* Work instructions *
Omitting the images, transcribe the records below exactly as they stand.

* Materials provided *

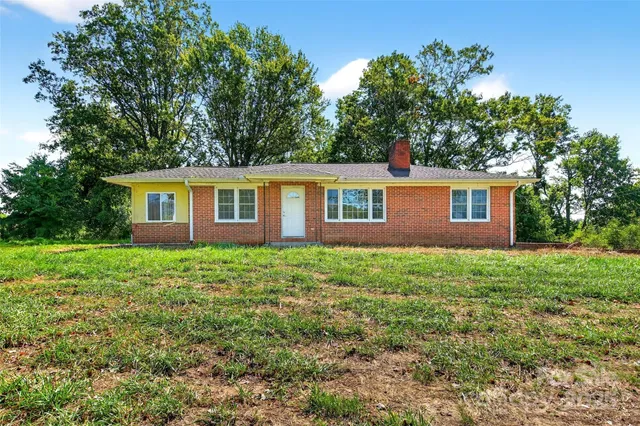a view of a backyard with plants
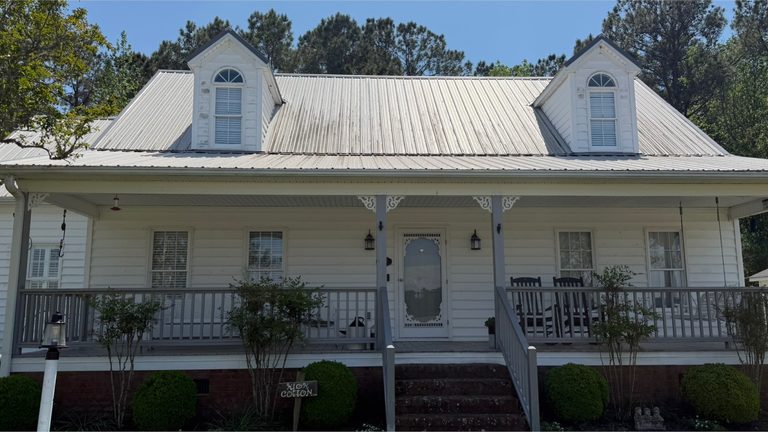 Farmhouse porch and elevation before cleaning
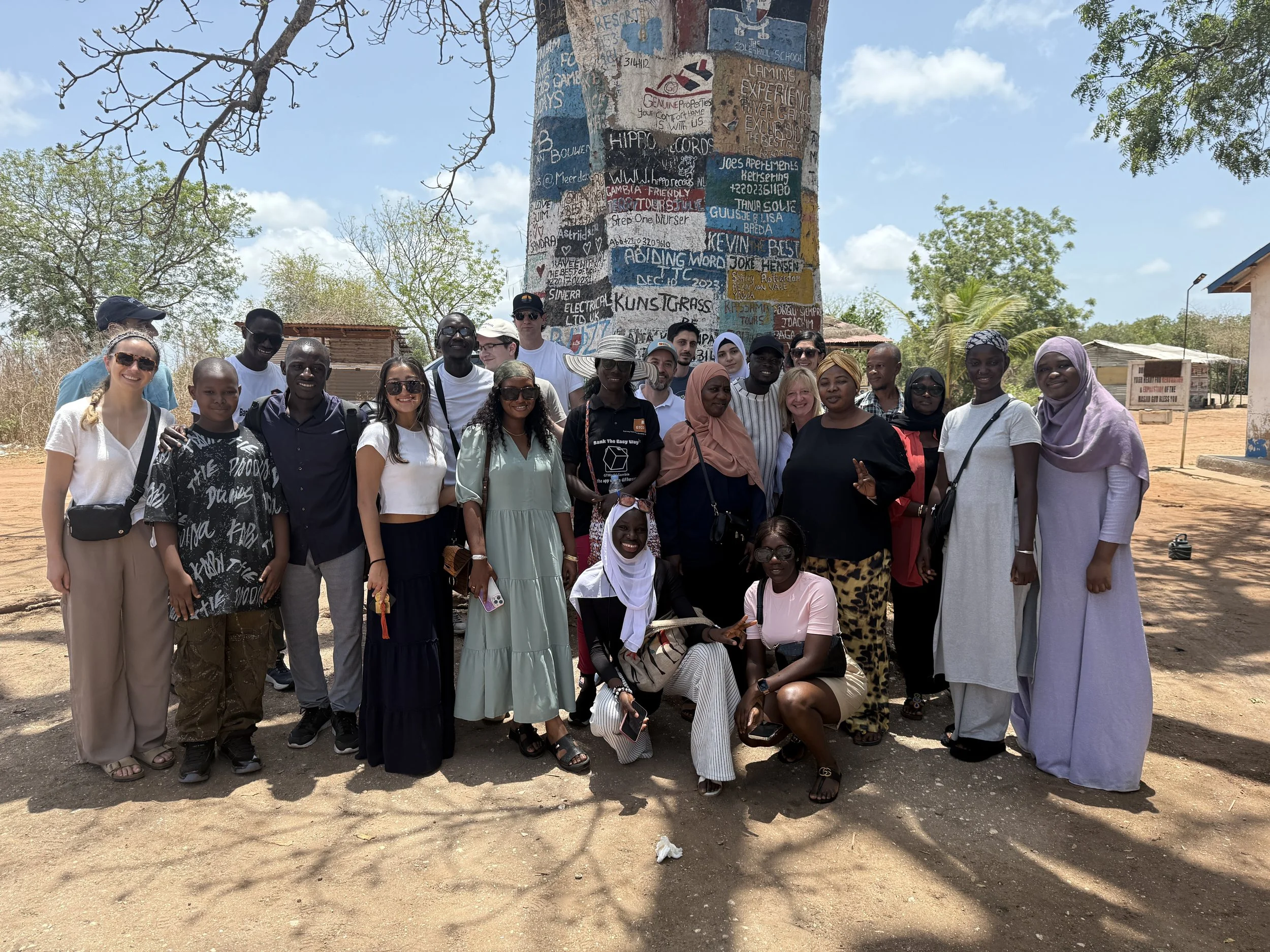 A diverse group of people gathered outdoors under a large tree with graffiti-covered support pole in the background. The group is smiling and posing for a photo on a sunny day in an open area with some small buildings around.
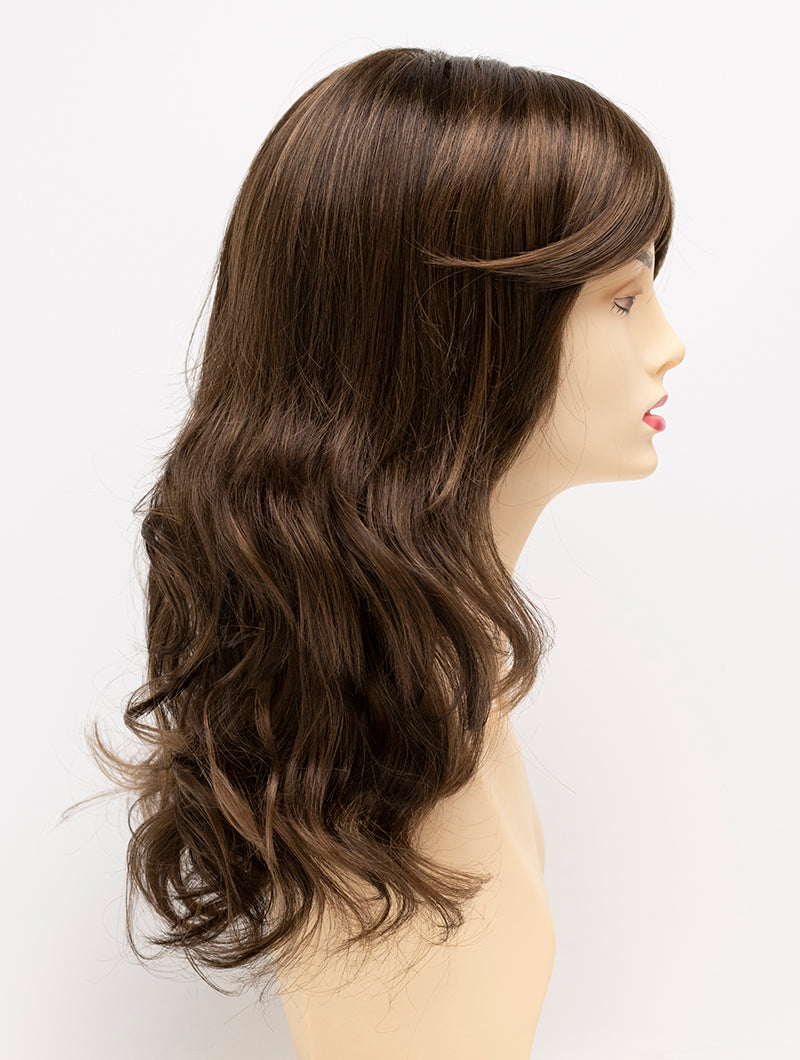 profile side of a long Kinner Beauty Wigs wig for woman on mannequin head 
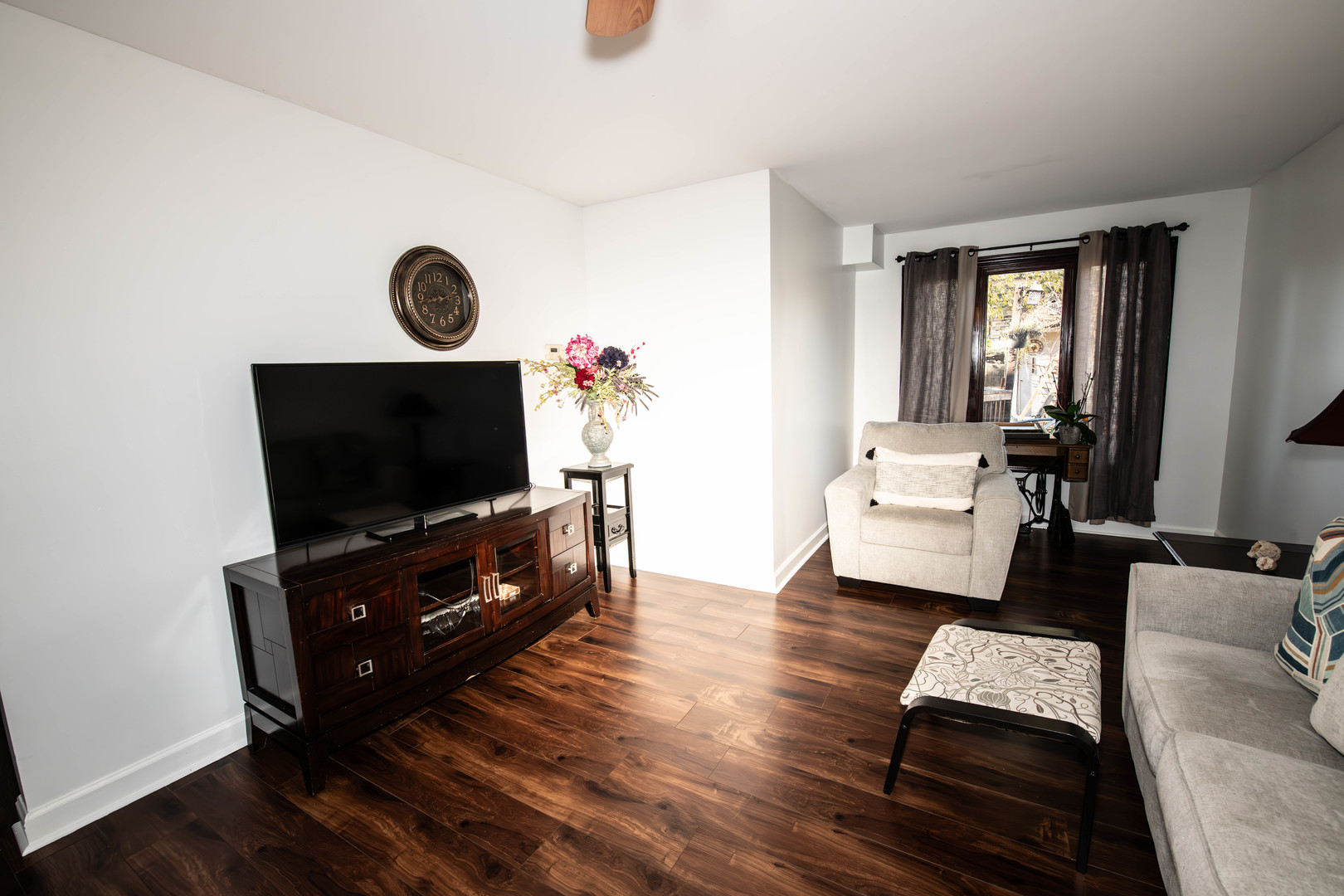 185 South Pinecrest Road Bolingbrook, IL 60440 - Photo 17 of 38 a living room with furniture and a flat screen tv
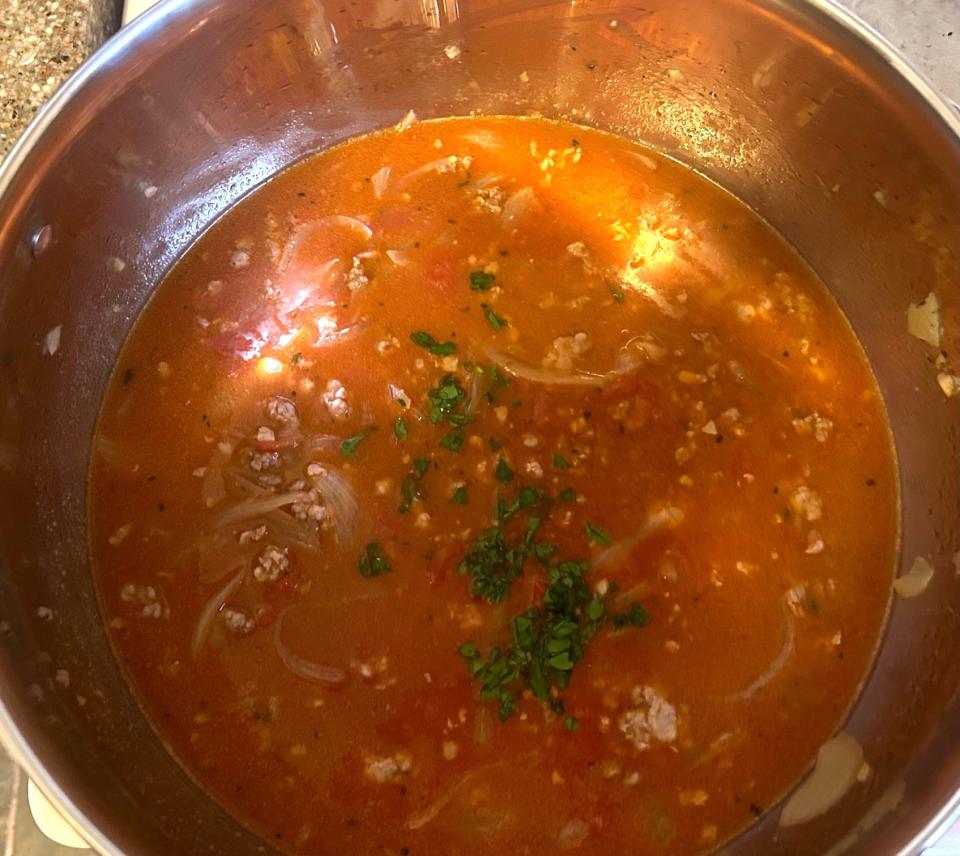 Adding parsley to broth for Pioneer Woman's Lasagna Soup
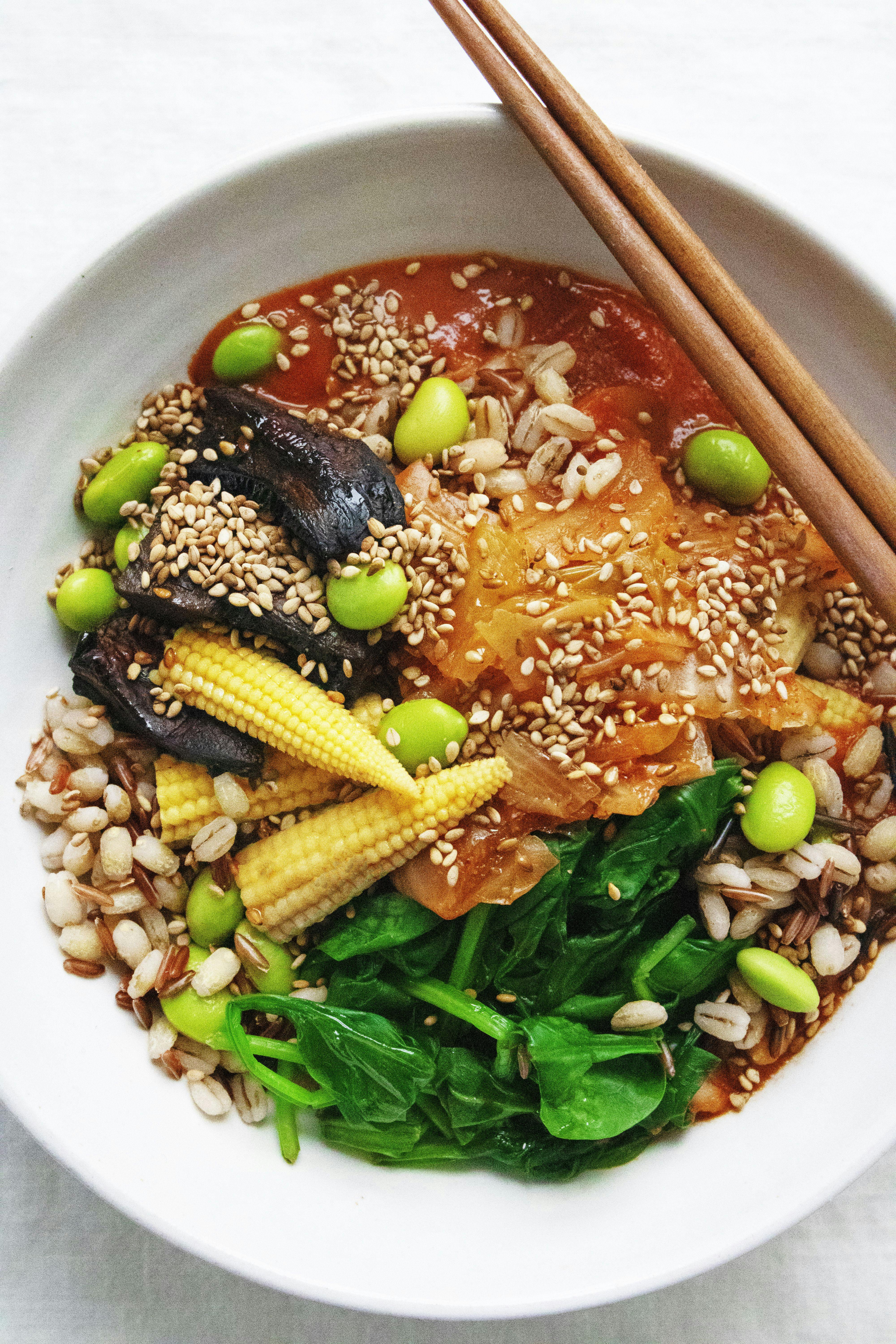 kimchi grain bowl with chopsticks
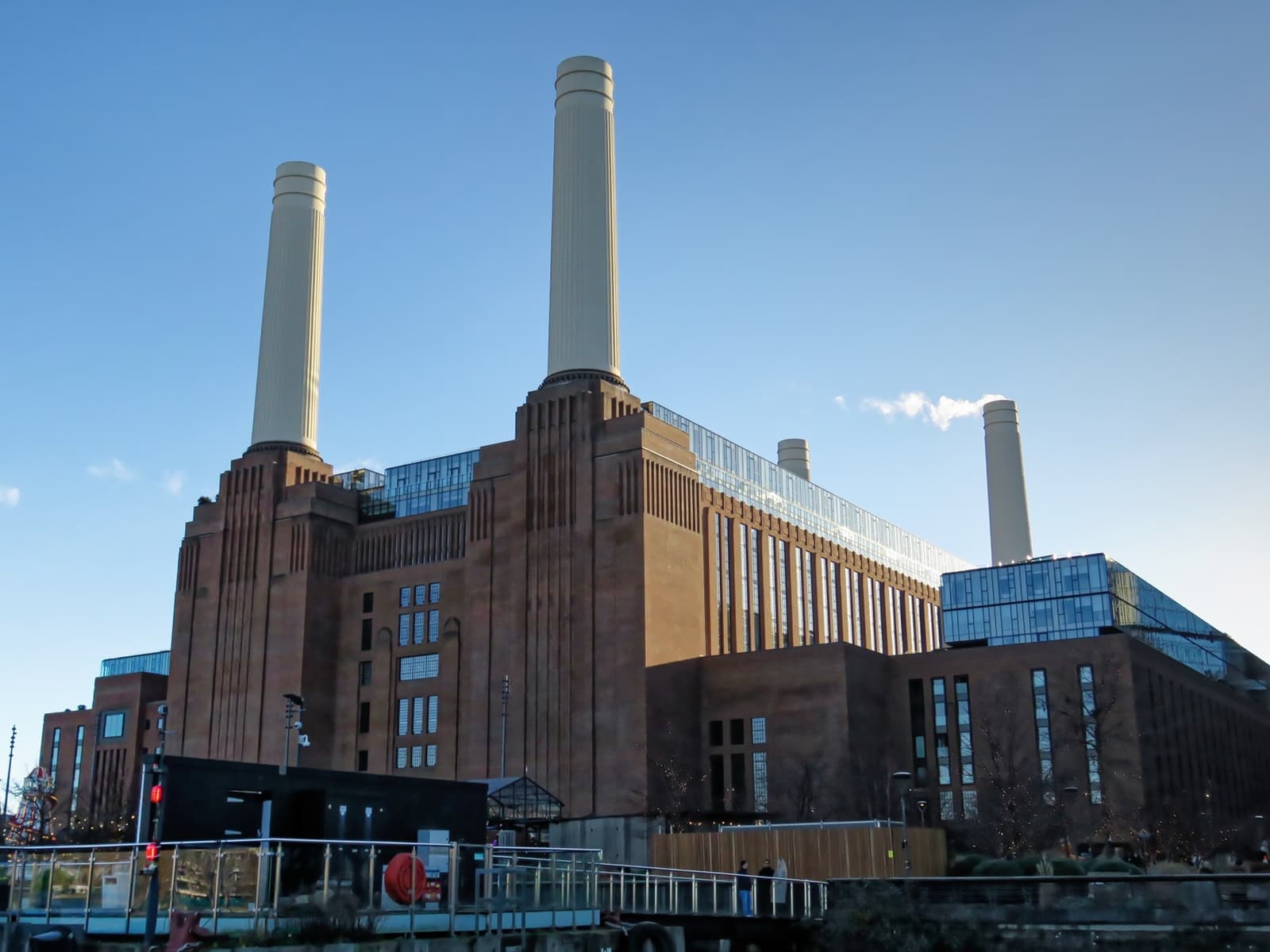 Battersea Power Station’s brick bulk and four white chimneys seen from the river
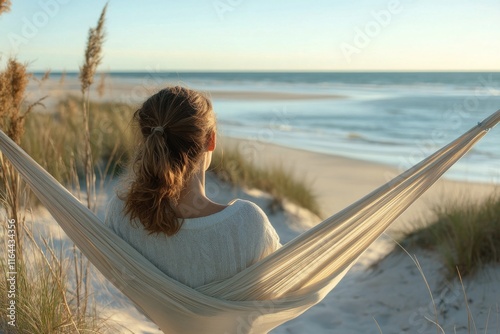 Relaxing on a hammock by the tranquil beach at midday under a clear blue sky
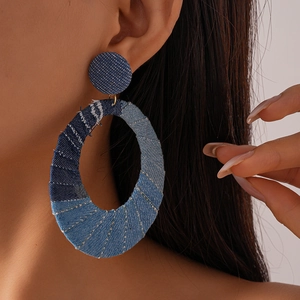Detailed view of oversized oval denim patchwork hoop earrings with retro blue fabric textures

* Problem solution *
a view of a backyard with plants
 Farmhouse porch and elevation before cleaning
 A diverse group of people gathered outdoors under a large tree with graffiti-covered support pole in the background. The group is smiling and posing for a photo on a sunny day in an open area with some small buildings around.
 profile side of a long Kinner Beauty Wigs wig for woman on mannequin head 
 185 South Pinecrest Road Bolingbrook, IL 60440 - Photo 17 of 38 a living room with furniture and a flat screen tv
 Adding parsley to broth for Pioneer Woman's Lasagna Soup
 kimchi grain bowl with chopsticks
 Battersea Power Station’s brick bulk and four white chimneys seen from the river
 Relaxing on a hammock by the tranquil beach at midday under a clear blue sky
Detailed view of oversized oval denim patchwork hoop earrings with retro blue fabric textures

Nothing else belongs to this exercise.